This project is focused on using machine learning to emulate computationally expensive calculations. The emulator can then be used to answer pertinent questions that are impossible to answer otherwise. The aim is to mirror successes that have been achieved using similar approaches in, for example, chemical formula formulation (where a two thirds reduction in compute required has been reported) and drug discovery (where a 95% reduction in the compute requirement needed for a certain objective has been reported). This project has been co-defined with and will be co-supervised by Dstl.
The specific motivation relates to hydrocodes, high-fidelity (and highly optimised) simulations of fluid dynamics which involve computationally expensive calculations pertaining to the chemistry and physics involved. Individual simulations can take days, even with supercomputers. Were it possible to use historic simulations to learn to emulate the calculations involved, the emulator could then be used to perform offline sensitivity analyses with respect to, for example, the parameters of the chemistry and physics: such sensitivity analyses are, at best, limited today, making it very challenging to identify opportunities to, for example, reduce the number of inputs to the hydrocode. Given the parameters are not known precisely, it is also desirable for any online use of the hydrocode to consider the uncertainty in those parameters in the calculation of any prediction. However, such Uncertainty Quantification (UQ) would demand multiple runs of the hydrocode. Given that it would be impossible to perform one simulation in an online setting, an emulator is a vital component of any online UQ.

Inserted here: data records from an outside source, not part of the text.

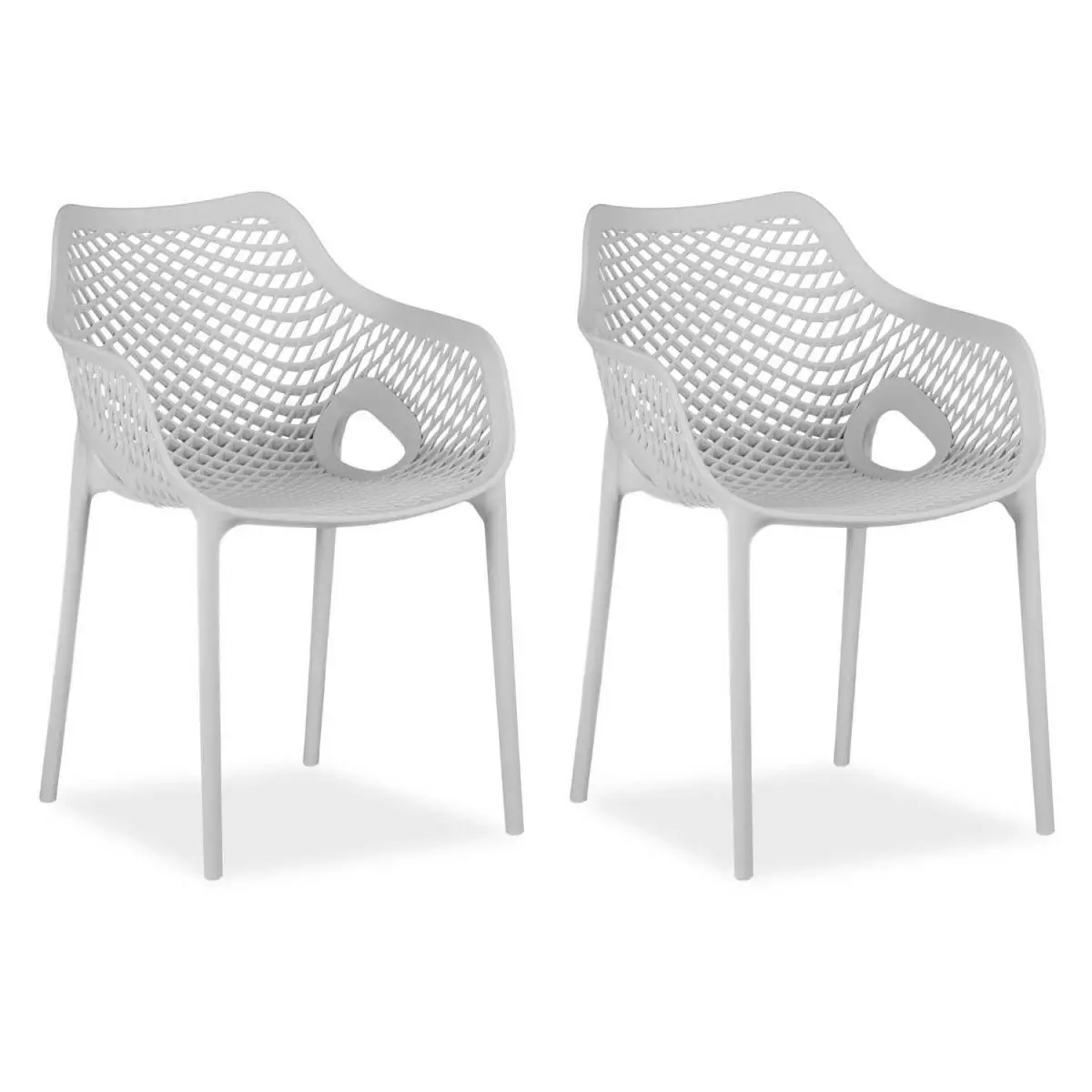 Ensemble de 2 chaises de jardin grises avec accoudoirs pour extérieur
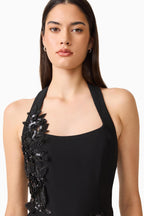 Odelia Beaded Halter Neck Gown in Black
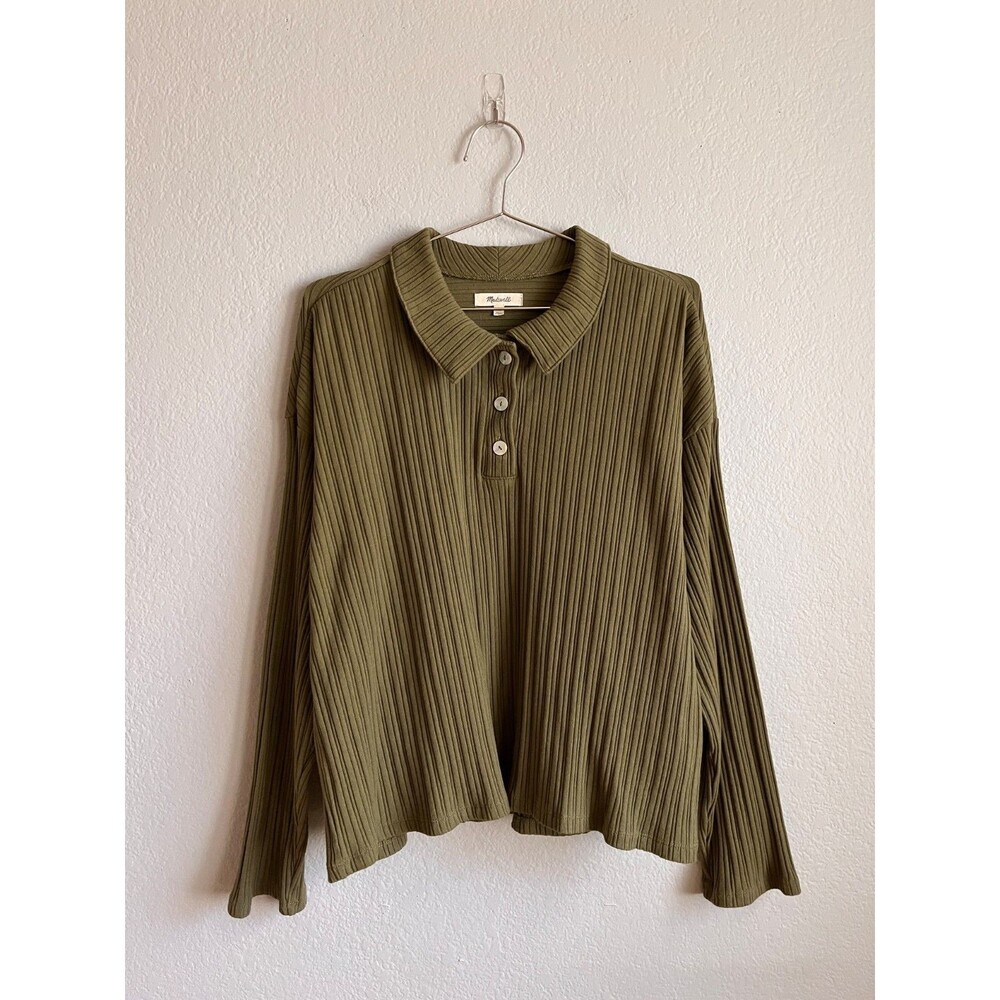 Madewell Women's Variegated Rib Boxy Polo Shirt in Desert Olive Size XL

While one could use, for example, a Gaussian Process (GP) to implement the emulator, it is not clear what kernel should be used, ie how any emulator should interpolate between the input-output pairs associated with the hydrocode. The statistical inference of the kernel is challenging, particularly in this setting, where there will be a need to interpolate between the information in the historic simulations and the prior knowledge (albeit incomplete and imprecise) of kernels implied by the knowledge of the physics and chemistry. Emerging numerical Bayesian inference algorithms (specifically Sequential Monte Carlo samplers) make it possible to capitalise on high performance computing without compromising the fidelity of that inference process.
The aim of this PhD is to take a specific hydrocode and to examine how these approaches can be used to expedite analysis. The aim is to develop a single integrated approach to analysing and speeding up UQ on complex systems that is underpinned by a synergistic understanding of computer science and statistics. The anticipation is that this integrated approach would be sufficiently generic and transferable that it could be readily applied to other, similar problems.
This project is part of the EPSRC Funded CDT in Distributed Algorithms: The What, How and where of Next-Generation Data Science. https://www.liverpool.ac.uk/research/research-themes/digital/cdt-distributed-algorithms/
The University of Liverpool is working in partnership with the STFC Hartree Centre and other industrial partners from the manufacturing, defence and security sectors to provide a 4 year innovative PhD training course that will equip over 60 students with the essential skills needed to become future leaders in data science, be it in academia or industry.
Every project within the centre is offered in collaboration with an Industrial partner who as well as providing co-supervision will also offer the unique opportunity for students to access state of the art computing platforms, work on real world problems, benchmarking and data. Our graduates will gain unparalleled experiences working across academic disciplines in highly sought-after topic areas, answering industry need.
As well as learning from academic and industrial world leaders, the centre has a dedicated programme of interdisciplinary research training including the opportunity to undertake modules at the global pinnacle of Data science teaching. A large number of events and training sessions are undertaken as a cohort of PhD students, allowing you to build personal and professional relationships that we hope will lead to research collaboration either now or in your future.
The learning nurtured at this centre will be based upon anticipation of the hardware recourses arriving on desks of students after they graduate, rather than the hardware available today.